E-Textiles: LilyPad Arduino

A multidisciplinary team composed of computer scientists, arts and computer science educators, and learning scientists from the University of Pennsylvania, MIT and Indiana University will research how to encourage roughly 400 youth (ages 10-18) to creatively engage with computational textiles in afterschool and school settings. Computational textiles—textile artifacts that are computationally generated or that contain embedded computers—can capture youths’ pre-existing interests in new media, fashion, and design while supporting learning and creativity in computer science, arts, design, and engineering.

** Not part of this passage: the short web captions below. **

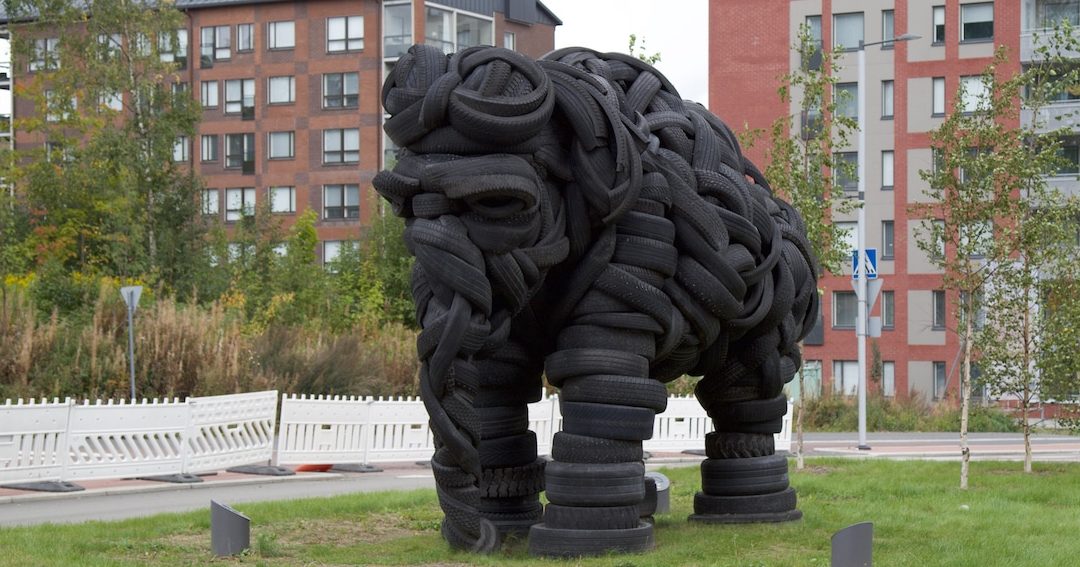 scrap tyre elephant structure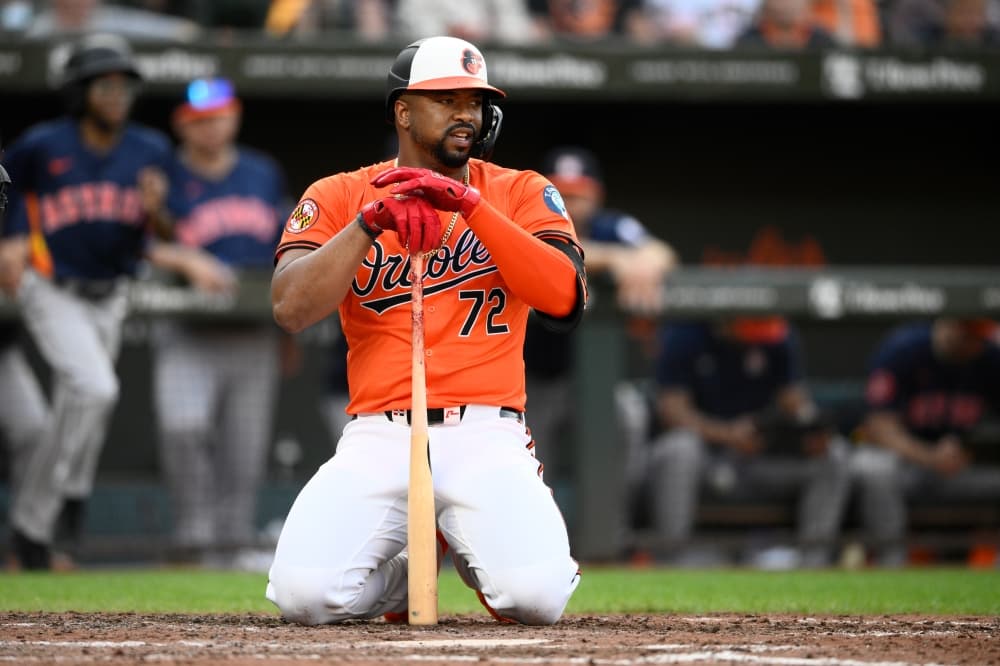 Orioles decline $16.5 million option on Eloy Jiménez, who becomes a free agent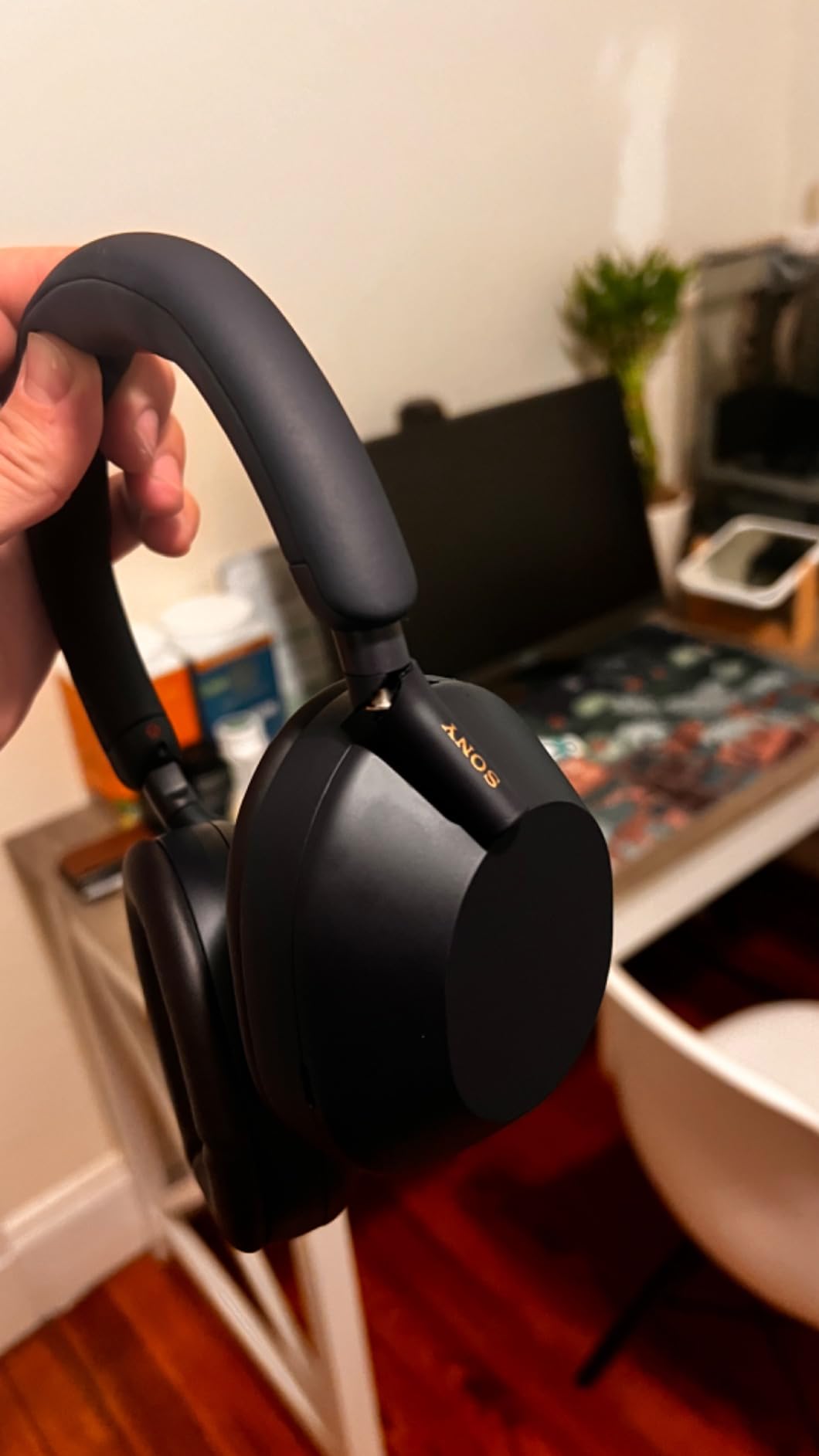 WH-1000XM5 Noise Canceling Wireless Headphones - International Version - Midnight customer photo 1
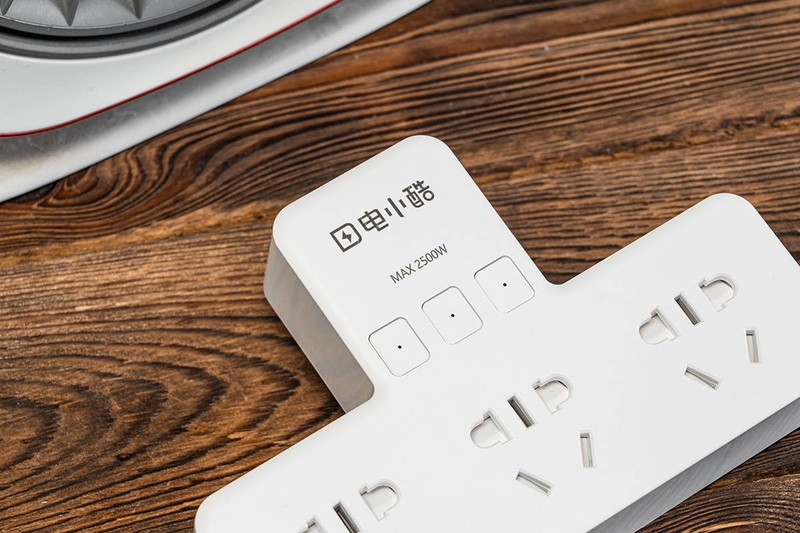 在智能家居的风口中，连插排都不甘寂寞，电小酷确实有点酷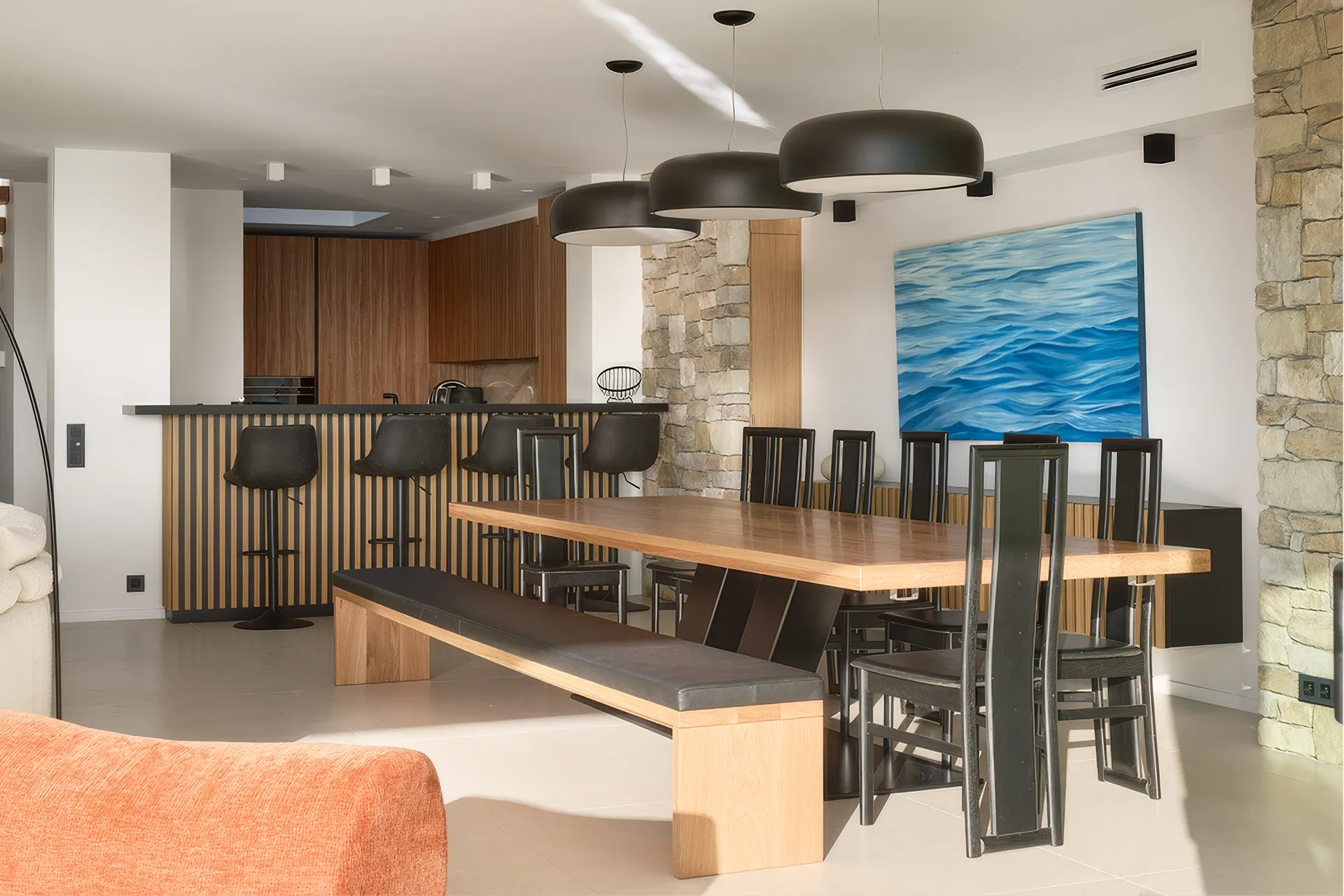 Salle à manger moderne table bois 20 couverts - Villa L'Île Verte, La Ciotat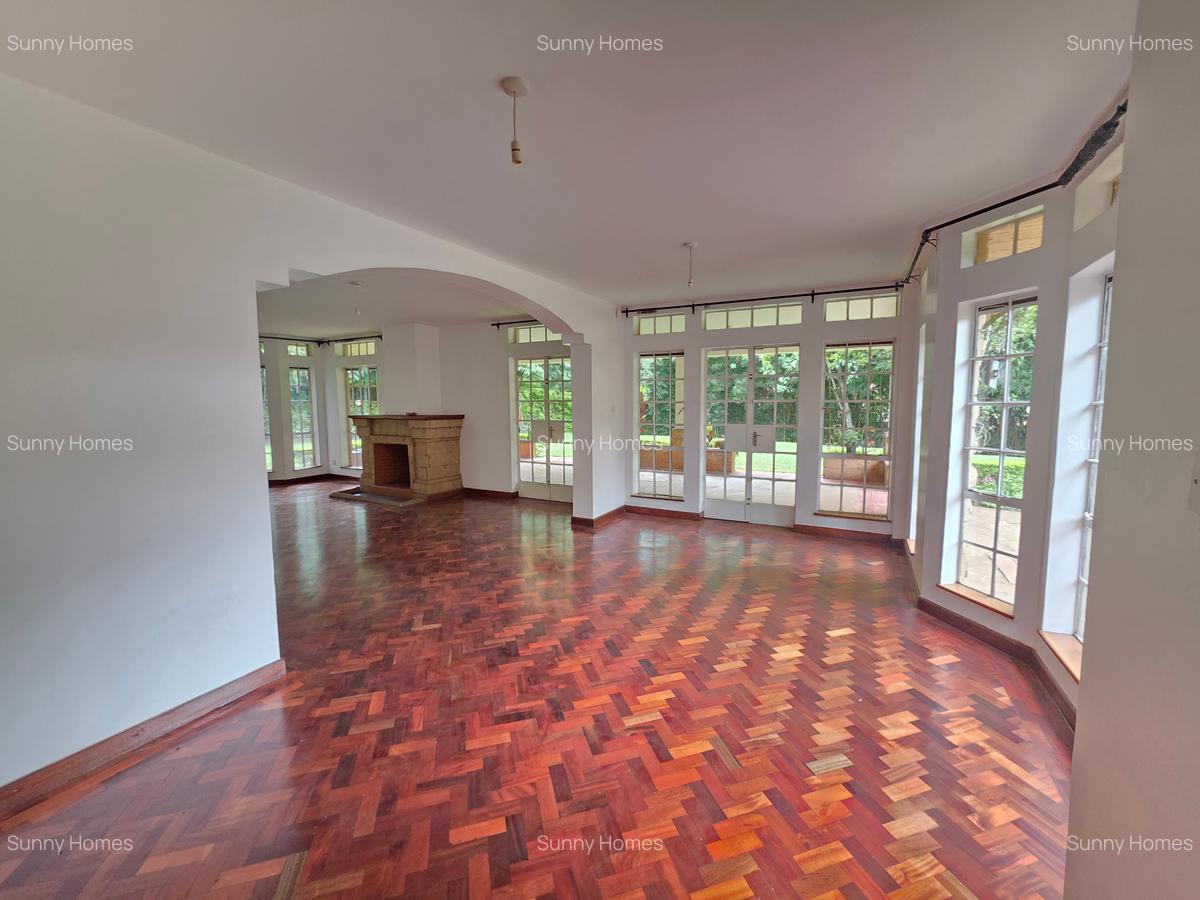 5 Bed Townhouse with En Suite at Rossylin Lone Tree - 3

Funding: National Science Foundation
Image Credit: Becky Stern

ITEST-Nano: Nanotechnology and Bioengineering in Philadelphia Public Schools

ITEST-Nano is a collaboration between the Graduate School of Education and the Nano-Bio Interface Center at UPenn and the School District of Philadelphia.  The project brings the latest scientific research and applications into high school classrooms through problem-based learning (PBL) curricula in nanotechnology and bioengineering.  This program has 5 goals: 1) through interactive and hands-on activities, teachers learn about cutting edge nano/bio concepts and align them with the core curriculum concepts; 2) teachers use computer simulations to help students visualize and compare macro, micro and nanoscale objects; 3) students communicate with peers and their teachers using IT tools to negotiate solutions to a real life problem scenario; 4) students develop interests in STEM education and careers through working with real scientists and experts from nanotechnology professions; and 5) teachers help students to learn about scientific inquiry and develop decision-making skills through problem-based and collaborative-learning pedagogies.